Radartechnologie zur Objekterkennung ZF übernimmt rund 45 Prozent von Astyx

»Unserer ZF-Leitidee See – Think – Act folgend statten wir die Autos der Zukunft mit neuen Sinnen und mehr Intelligenz aus. Systematisch decken wir dazu nach und nach die verbleibenden weißen Flecken in unserem Technologieportfolio ab«: Dr. Stefan Sommer, Vorstandsvorsitzender von ZF.
»Unserer ZF-Leitidee See – Think – Act folgend statten wir die Autos der Zukunft mit neuen Sinnen und mehr Intelligenz aus. Systematisch decken wir dazu nach und nach die verbleibenden weißen Flecken in unserem Technologieportfolio ab«: Dr. Stefan Sommer, Vorstandsvorsitzender von ZF.

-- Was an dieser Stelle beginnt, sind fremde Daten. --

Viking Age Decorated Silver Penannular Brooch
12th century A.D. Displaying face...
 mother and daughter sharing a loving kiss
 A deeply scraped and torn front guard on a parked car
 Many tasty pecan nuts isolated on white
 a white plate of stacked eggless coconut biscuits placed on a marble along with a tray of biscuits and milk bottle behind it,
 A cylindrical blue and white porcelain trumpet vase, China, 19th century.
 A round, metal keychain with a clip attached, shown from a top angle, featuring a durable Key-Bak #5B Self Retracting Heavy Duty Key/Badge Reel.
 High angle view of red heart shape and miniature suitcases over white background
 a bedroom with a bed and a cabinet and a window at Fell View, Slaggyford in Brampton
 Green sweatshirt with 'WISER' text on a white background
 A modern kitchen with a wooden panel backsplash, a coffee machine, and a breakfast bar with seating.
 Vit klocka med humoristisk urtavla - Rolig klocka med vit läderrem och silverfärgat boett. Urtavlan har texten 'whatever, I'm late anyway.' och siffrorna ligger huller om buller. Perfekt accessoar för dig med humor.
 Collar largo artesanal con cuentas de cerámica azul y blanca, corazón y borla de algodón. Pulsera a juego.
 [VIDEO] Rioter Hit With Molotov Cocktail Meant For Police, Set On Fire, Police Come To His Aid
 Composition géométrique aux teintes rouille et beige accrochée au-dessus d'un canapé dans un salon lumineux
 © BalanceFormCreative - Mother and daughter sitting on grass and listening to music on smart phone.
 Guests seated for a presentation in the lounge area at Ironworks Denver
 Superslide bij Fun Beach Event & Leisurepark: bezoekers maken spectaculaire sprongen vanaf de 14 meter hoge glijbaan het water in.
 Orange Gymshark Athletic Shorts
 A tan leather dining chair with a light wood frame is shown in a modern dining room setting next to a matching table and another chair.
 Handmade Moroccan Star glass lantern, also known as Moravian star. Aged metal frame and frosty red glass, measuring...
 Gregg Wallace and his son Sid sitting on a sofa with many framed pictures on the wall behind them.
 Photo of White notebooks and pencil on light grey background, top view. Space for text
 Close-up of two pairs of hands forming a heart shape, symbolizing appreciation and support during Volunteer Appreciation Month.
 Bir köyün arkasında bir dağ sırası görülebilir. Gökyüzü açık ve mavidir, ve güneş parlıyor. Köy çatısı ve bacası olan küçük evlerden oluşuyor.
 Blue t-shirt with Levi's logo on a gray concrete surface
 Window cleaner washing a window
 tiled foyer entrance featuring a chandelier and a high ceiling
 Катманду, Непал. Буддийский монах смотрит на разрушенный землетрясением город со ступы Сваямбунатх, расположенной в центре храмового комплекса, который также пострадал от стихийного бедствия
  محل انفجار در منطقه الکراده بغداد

ZF und Astyx entwickeln gemeinsam Radar-Technologie weiter. Dazu hat der Friedrichshafener Zulieferer rund 45 Prozent von Astyx Communication & Sensors übernommen. Das 1997 gegründete Unternehmen entwickelt und produziert Höchstfrequenz-Radarsensoren und -module u.a. für die Automobilindustrie.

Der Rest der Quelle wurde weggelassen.